Several readers have asked me how a person’s primary residence should be used when calculating net worth. As we’re on the verge of buying our first home, this becomes a very relevant question to us for the first time, so I spent some time looking at the options:
Include the debt, but don’t include the house at all. The argument here is that if it’s your primary residence, then you’re not going to be liquidating it ever, thus it’s not an asset. For many people, this would push their net worth far, far into the hole and if you’re making interest-only payments, it’s a hole you’ll not be climbing out of.
Include the debt, but only include the equity in the house. In other words, only include the portion of the house that you could draw equity from through something like a home equity line of credit. This means that any payment directly to the principal actually counts double towards your net worth, as it decreases the debt and increases the equity in the house.

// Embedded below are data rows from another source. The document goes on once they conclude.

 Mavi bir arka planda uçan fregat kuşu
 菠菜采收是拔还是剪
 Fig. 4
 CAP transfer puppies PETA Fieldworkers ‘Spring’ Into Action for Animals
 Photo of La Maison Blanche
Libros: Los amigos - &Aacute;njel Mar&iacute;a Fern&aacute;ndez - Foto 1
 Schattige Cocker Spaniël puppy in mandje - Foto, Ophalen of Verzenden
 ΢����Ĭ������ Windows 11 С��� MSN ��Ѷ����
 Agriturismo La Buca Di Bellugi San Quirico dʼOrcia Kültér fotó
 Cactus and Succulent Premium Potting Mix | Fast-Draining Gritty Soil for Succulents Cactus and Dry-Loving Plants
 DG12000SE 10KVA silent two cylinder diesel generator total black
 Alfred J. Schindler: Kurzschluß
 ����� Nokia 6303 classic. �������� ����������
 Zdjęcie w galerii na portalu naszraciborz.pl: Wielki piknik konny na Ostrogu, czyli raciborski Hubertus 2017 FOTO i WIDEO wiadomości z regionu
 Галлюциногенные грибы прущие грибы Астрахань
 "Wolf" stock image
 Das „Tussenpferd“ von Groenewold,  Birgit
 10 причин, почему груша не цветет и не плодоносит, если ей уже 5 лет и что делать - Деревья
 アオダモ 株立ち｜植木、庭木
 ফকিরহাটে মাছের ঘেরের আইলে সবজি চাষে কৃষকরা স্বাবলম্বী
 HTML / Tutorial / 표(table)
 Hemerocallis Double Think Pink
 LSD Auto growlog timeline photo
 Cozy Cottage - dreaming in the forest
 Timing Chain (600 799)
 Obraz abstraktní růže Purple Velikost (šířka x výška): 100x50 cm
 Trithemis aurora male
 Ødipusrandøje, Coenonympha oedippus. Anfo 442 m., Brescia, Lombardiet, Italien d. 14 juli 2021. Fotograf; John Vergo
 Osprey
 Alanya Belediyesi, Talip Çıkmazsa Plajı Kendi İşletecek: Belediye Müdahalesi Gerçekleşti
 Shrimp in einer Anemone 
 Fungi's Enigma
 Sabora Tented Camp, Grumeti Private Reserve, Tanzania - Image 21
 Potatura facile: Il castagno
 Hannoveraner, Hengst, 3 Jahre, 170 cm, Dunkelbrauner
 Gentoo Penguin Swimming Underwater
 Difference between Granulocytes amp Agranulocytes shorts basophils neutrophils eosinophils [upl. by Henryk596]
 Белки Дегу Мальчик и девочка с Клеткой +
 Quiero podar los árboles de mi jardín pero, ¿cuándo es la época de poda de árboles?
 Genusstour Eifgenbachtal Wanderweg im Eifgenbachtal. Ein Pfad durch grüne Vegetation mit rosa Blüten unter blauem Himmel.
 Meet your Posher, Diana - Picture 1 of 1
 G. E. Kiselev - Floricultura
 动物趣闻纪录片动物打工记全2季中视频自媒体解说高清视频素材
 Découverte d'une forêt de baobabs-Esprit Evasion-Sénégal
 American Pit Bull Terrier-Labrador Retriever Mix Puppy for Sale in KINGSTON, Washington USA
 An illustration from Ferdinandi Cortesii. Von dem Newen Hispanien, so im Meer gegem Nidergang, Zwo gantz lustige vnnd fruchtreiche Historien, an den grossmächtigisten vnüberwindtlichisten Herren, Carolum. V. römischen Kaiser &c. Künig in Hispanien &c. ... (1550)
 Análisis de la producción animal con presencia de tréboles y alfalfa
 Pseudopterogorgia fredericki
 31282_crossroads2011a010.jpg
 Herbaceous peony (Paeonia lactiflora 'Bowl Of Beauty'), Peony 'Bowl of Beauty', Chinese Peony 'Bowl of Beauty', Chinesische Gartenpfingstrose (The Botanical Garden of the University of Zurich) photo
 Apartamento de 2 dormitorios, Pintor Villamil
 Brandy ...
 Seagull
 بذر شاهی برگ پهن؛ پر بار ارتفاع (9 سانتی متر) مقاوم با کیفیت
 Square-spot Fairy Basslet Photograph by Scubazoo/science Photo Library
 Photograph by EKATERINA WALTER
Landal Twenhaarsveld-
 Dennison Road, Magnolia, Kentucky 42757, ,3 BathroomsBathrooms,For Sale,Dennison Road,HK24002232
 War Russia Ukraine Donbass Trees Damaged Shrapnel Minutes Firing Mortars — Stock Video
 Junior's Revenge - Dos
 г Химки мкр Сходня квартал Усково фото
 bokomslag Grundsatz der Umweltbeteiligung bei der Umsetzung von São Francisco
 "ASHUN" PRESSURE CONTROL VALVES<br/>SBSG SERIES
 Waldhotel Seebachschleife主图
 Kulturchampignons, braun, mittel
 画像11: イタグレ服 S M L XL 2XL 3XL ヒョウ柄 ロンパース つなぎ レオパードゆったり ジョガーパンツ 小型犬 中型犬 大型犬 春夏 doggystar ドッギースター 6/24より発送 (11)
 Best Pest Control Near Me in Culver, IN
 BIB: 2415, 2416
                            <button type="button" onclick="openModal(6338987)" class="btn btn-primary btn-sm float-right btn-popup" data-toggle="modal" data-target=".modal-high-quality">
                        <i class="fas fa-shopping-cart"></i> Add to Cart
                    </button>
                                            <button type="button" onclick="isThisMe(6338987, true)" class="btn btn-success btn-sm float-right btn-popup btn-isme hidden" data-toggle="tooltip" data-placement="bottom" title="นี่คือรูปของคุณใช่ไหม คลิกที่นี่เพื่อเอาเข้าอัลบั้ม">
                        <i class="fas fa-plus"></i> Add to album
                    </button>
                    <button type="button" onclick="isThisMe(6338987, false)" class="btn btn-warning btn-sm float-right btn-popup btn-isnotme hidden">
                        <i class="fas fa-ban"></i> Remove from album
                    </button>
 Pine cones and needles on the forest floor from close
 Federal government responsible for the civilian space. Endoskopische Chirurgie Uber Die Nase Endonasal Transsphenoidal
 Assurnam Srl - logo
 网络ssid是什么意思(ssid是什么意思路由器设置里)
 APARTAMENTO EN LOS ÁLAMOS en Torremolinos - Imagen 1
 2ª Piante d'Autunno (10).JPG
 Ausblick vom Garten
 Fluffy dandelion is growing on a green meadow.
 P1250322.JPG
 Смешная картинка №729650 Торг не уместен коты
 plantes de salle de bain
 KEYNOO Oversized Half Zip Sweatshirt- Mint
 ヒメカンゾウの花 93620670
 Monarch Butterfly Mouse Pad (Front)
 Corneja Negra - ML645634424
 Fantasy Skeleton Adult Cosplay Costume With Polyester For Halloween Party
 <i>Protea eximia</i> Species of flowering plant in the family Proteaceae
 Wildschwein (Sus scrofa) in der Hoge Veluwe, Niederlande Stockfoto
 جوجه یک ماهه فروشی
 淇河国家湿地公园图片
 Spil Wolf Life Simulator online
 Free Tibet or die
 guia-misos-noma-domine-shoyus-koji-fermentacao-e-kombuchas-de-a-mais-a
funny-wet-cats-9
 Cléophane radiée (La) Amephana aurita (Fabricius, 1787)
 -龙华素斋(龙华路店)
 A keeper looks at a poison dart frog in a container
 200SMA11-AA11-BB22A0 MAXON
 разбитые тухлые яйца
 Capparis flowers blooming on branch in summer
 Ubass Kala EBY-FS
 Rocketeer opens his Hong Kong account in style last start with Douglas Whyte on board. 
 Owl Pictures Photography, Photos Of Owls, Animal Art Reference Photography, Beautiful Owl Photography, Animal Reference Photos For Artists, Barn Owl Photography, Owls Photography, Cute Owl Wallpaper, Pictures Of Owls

Include the debt and also include the purchase price of the house. This means that the house itself has no direct effect on your net worth upon purchase and it slowly goes up as you reduce the principal of the debt. Many people seem to follow this path because it somewhat disguises the debt.
So what are we going to do? We’re going to actually follow a fourth path, which is an interesting one.
Include the debt, but only include the assessed value of the house. This means that right after purchase, our net worth takes a small hit, but as time goes on it climbs back as we make debt payments. Plus, each time the house is reassessed, the value of that asset changes – and given the location and the quality of the house, it will likely go up. In essence, this route means we are not counting the appliances as assets in any way, nor are we considering some of the more aesthetic appeal of the house that isn’t directly affected by the tax assessment.
What this means is that in the short term, my monthly net worth calculations will look disastrous, with some big losses, particularly in the month where we sign all the papers and take possession of the house. After that, however, our net worth will begin to climb again, albeit at a slower rate than before because our housing payments are going up. Then, whenever our home is reassessed, our net worth will likely see a bump (even though that also means that we’ll be paying more in taxes, which is a downer).
I would recommend that others follow the same path as well for including the primary residence in calculations. It is an asset and can be liquidated, but the aesthetics of the house and the appliances within and so forth will often make some difference in the actual purchase price that may only be of value to you.